→ **WHAT THE TASK ASKS**: Beginning with the first line, return the material verbatim and without pictures.

......

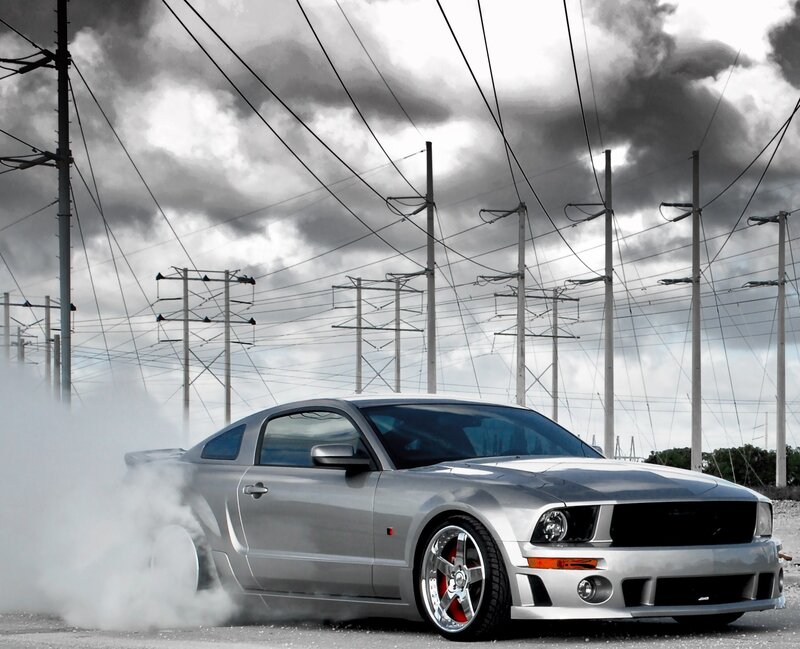 silver mustang doing burnout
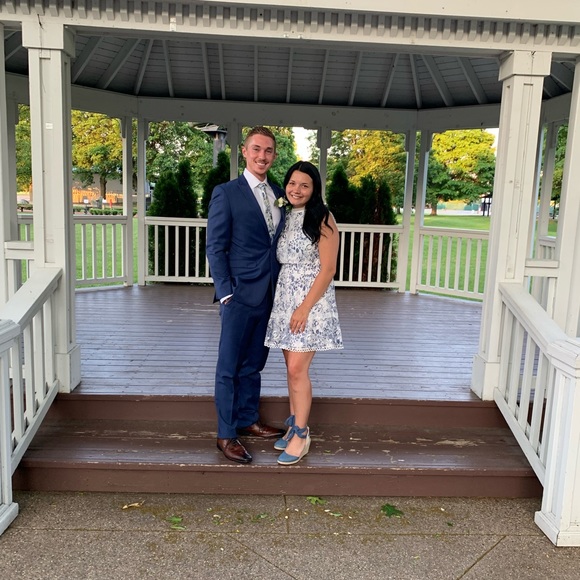 Profile Picture of Tayler Moraczewski (@moraczewski13) on Poshmark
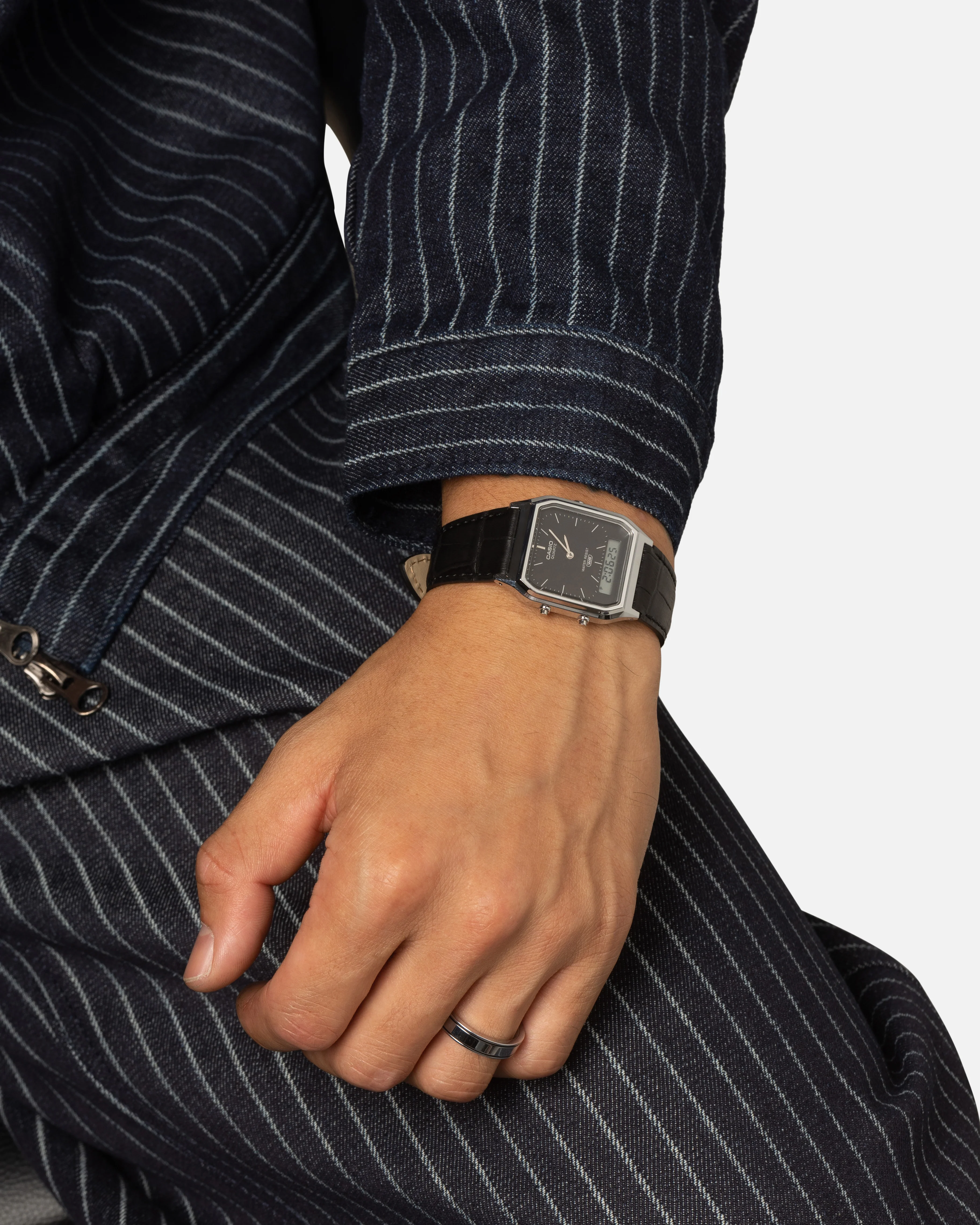 Casio AQ230EL-1A Watch Silver/Black - Image 2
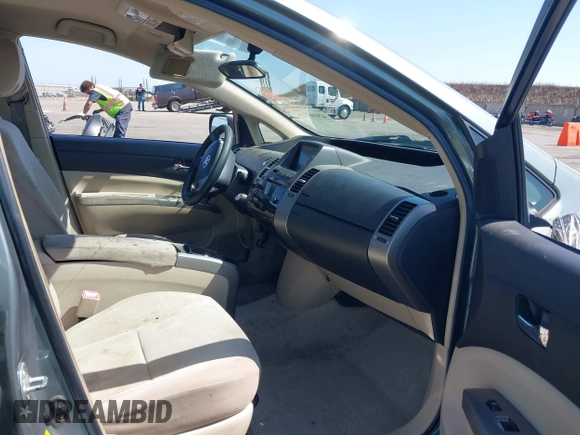 2004 Toyota Prius z VIN JTDKB20U440028214, wystawiony jako IAAI lot #42496772 z przebiegiem 218 863 mil mil oraz . Historia ofert i sprzedaży dostępna na DreamBid. Obrazek 5.
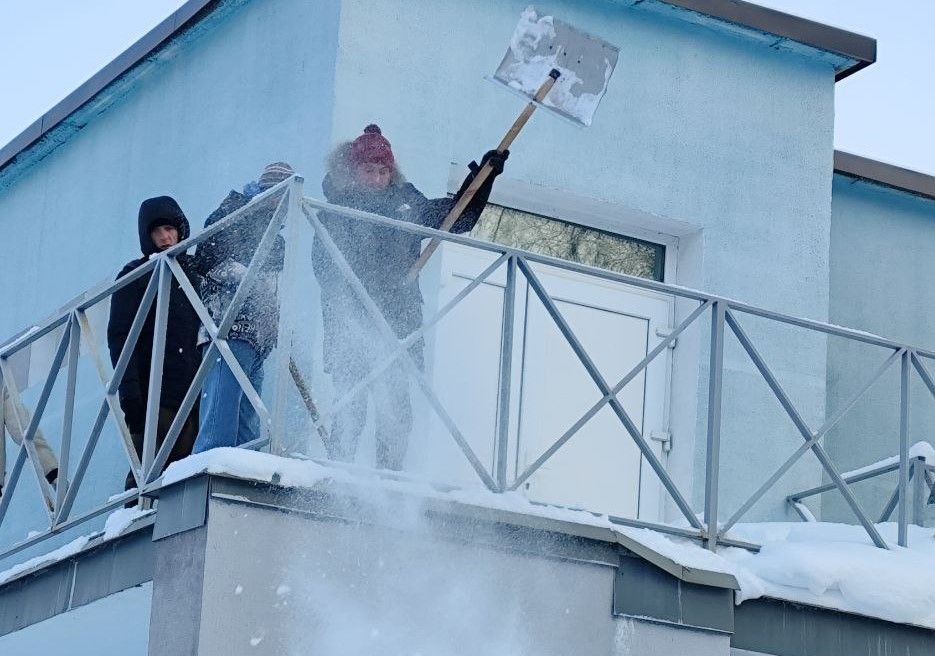 Безработные и подучетные лица очистили снег на территории Узденской больницы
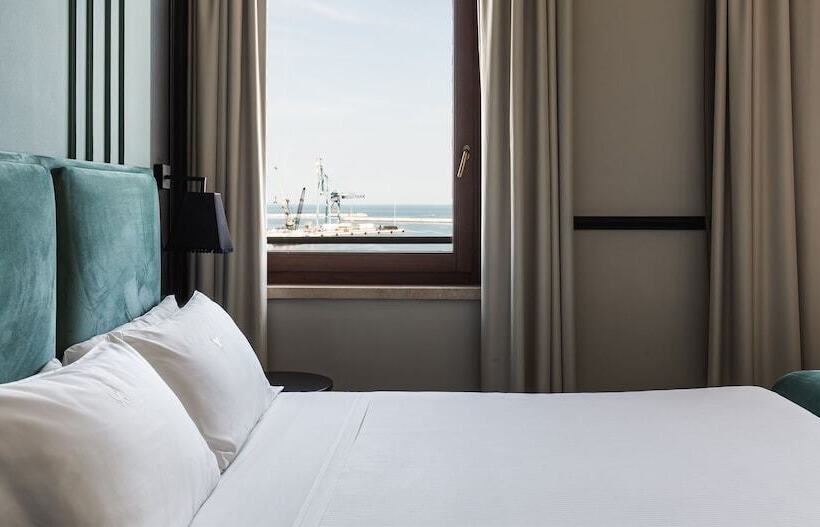 Номер Superior, Seeport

......

→ **RESULT OF THIS EXERCISE**:
 silver mustang doing burnout
 Profile Picture of Tayler Moraczewski (@moraczewski13) on Poshmark
 Casio AQ230EL-1A Watch Silver/Black - Image 2
 2004 Toyota Prius z VIN JTDKB20U440028214, wystawiony jako IAAI lot #42496772 z przebiegiem 218 863 mil mil oraz . Historia ofert i sprzedaży dostępna na DreamBid. Obrazek 5.
 Безработные и подучетные лица очистили снег на территории Узденской больницы
 Номер Superior, Seeport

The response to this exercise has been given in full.